Das Projekt "Virtuelle Poststelle" läuft ja noch in diesem Jahr. Ansonsten haben wir auf Bundesebene nur gewissen Einfluss auf das, was die einzelnen Länder und Kommunen entwickeln und anbieten. Wir können nur anregen und Hilfestellungen bieten.
Verpflichtend ist sie also für Länder und Kommunen nicht?
Die Länder wollen eigenverantwortlich arbeiten. Dann müssen sie auch diese Eigenverantwortung wahrnehmen. Wir bieten mit der "Virtuellen Poststelle" ein probates Produkt mit offenen Schnittstellen. Insofern täten die Länder und Kommunen gut daran, auf unser Modell aufzusetzen, zumal nur Standards Interoperabilität und Kommunikation untereinander ermöglichen. Zu seinem Glück kann man jedoch letztlich niemanden zwingen.
Das BSI stellt allen, die es wollen, ein so genanntes Unix-Sicherheitstool-Set bereit. Empfiehlt das BSI den Einsatz offener Betriebssysteme generell? Wenn ja, warum?
Wir wollen Software-Vielfalt und einen entsprechenden Wettbewerb. Wir halten Open-Source-Tools für eine gute Alternative zu proprietärer Software - speziell im Betriebssystemumfeld. Einige Pilotprojekte haben wir bereits umgesetzt. Aktuell bauen wir in einem Migrations-Projekt eine gemischte Umgebung mit Linux- und Microsoft-Clients auf, um exemplarisch dazustellen, dass gemischte Umgebungen gut zusammenspielen können.
Präferieren Sie auch den Einsatz von Open-Source-Sicherheitstools?
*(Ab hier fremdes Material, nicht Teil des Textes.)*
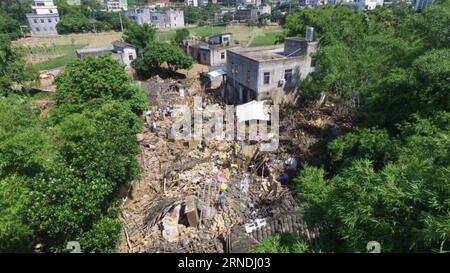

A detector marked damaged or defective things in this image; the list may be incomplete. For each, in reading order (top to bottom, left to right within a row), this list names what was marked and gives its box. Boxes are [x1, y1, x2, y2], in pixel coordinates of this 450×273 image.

Auch den unterstützen wir, weil es hier ebenfalls um eine Wettbewerbsvielfalt geht. Im Umfeld von Linux macht es darüber hinaus eh Sinn, frei verfügbare Sicherheitsprodukte aufzusetzen.
Hilfe können die Anwender auch vom CERT-Bund erwarten. Was hat das BSI damit zu tun?
Wir betreiben das CERT. Dieses Lagezentrum stellt ein eigenes Referat innerhalb der Abteilung Internetsicherheit dar. Rund um die Uhr sammeln wir Informationen - etwa über kritische und dringliche Sicherheitslücken - und stellen sie jedem, der es möchte, zur Verfügung. Im Übrigen diskutieren wir gerade den Aufbau eines Bürger-CERTs, über das wir ausgewählte Sicherheitsinformationen den Bürgern zukommen lassen können.
Gibt es schon näheres?
Nur die Information, dass wir es tun wollen. Einen genauen Termin für den Start eines solchen CERTs kann ich aber noch nicht nennen.